START Supplied material

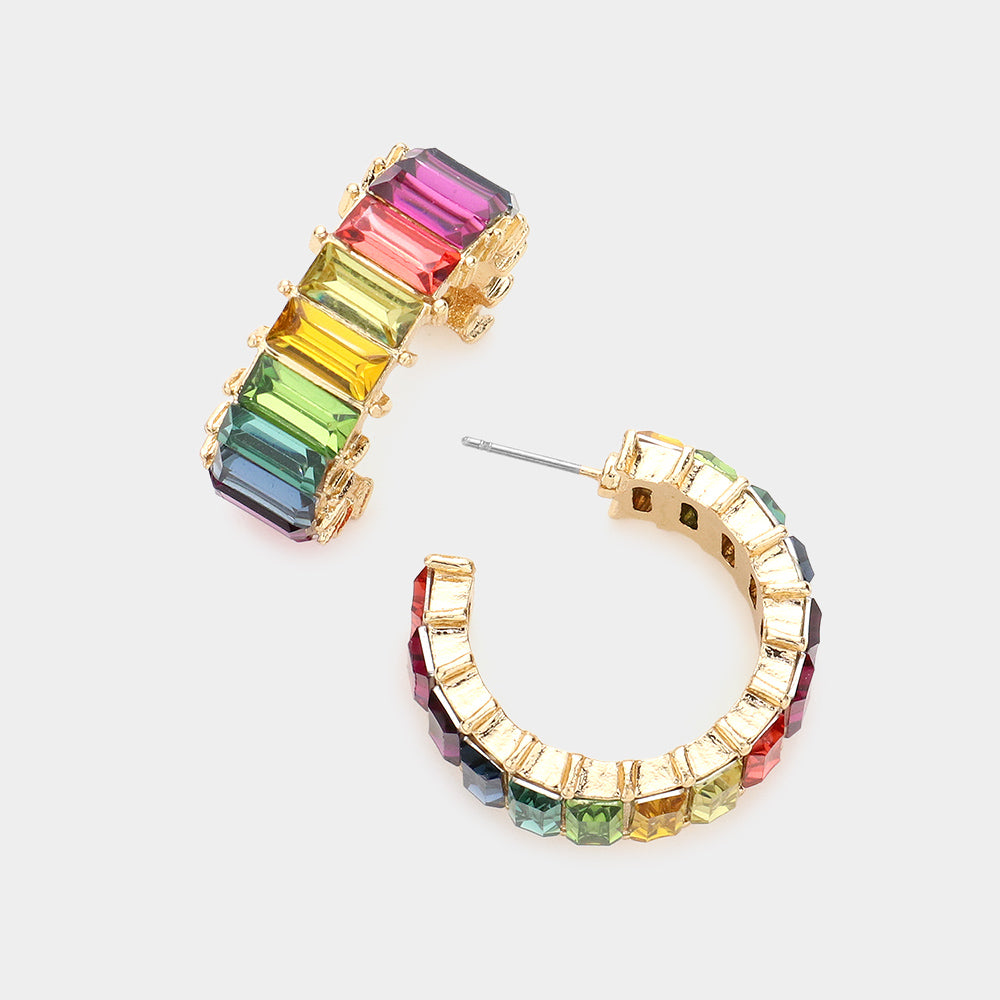 Multi-Color Baguette Stone Interview Earrings  | Crystal Stone Earrings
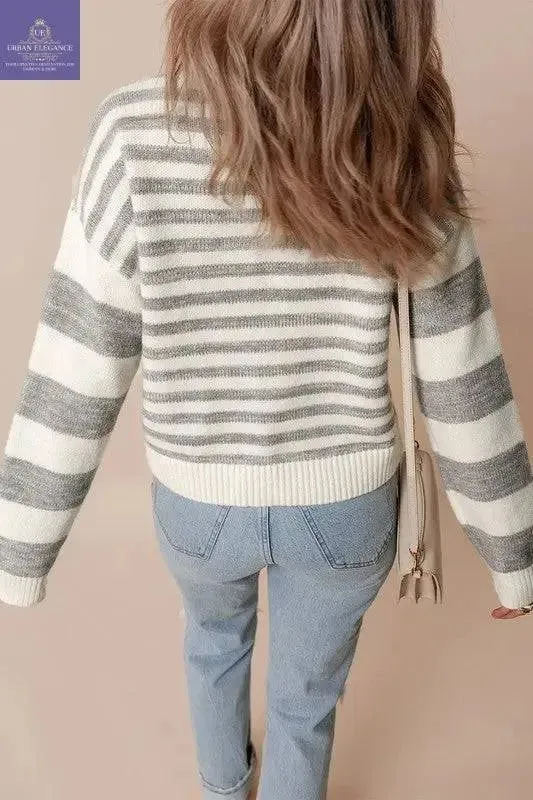 Modern Striped Drop Shoulder Crew Sweater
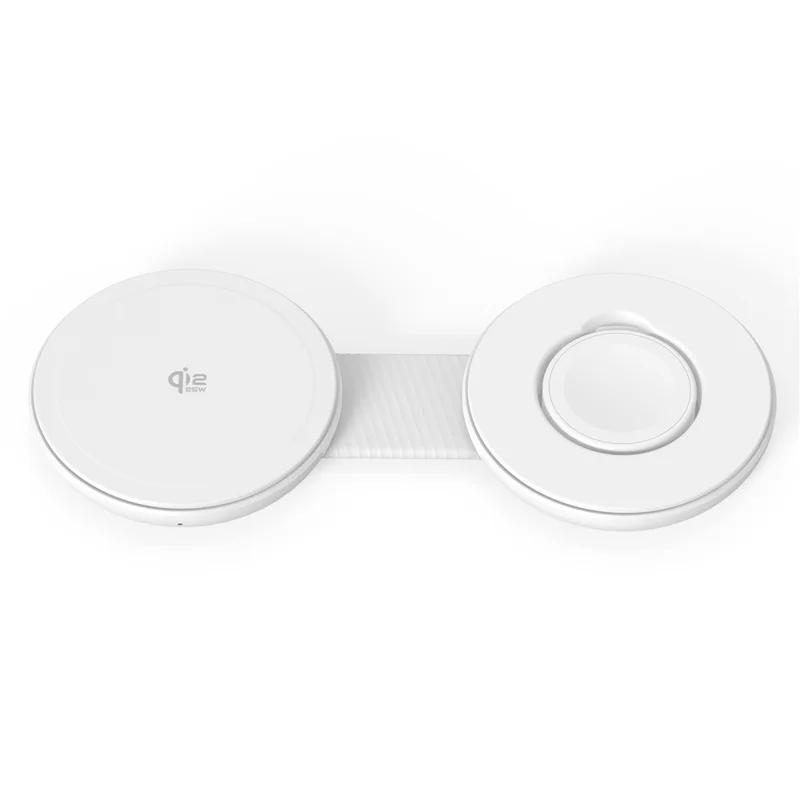 M40 Caricatore wireless magnetico 2 in 1 25W Ricarica rapida Pieghevole 5W per Auricolari iPhone AirPods Apple Watch - Bianco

END Supplied material

- [Problem to solve] Omit each picture, then return all of the listing exactly as it stands.

- [Your response]
 Multi-Color Baguette Stone Interview Earrings  | Crystal Stone Earrings
 Modern Striped Drop Shoulder Crew Sweater
 M40 Caricatore wireless magnetico 2 in 1 25W Ricarica rapida Pieghevole 5W per Auricolari iPhone AirPods Apple Watch - Bianco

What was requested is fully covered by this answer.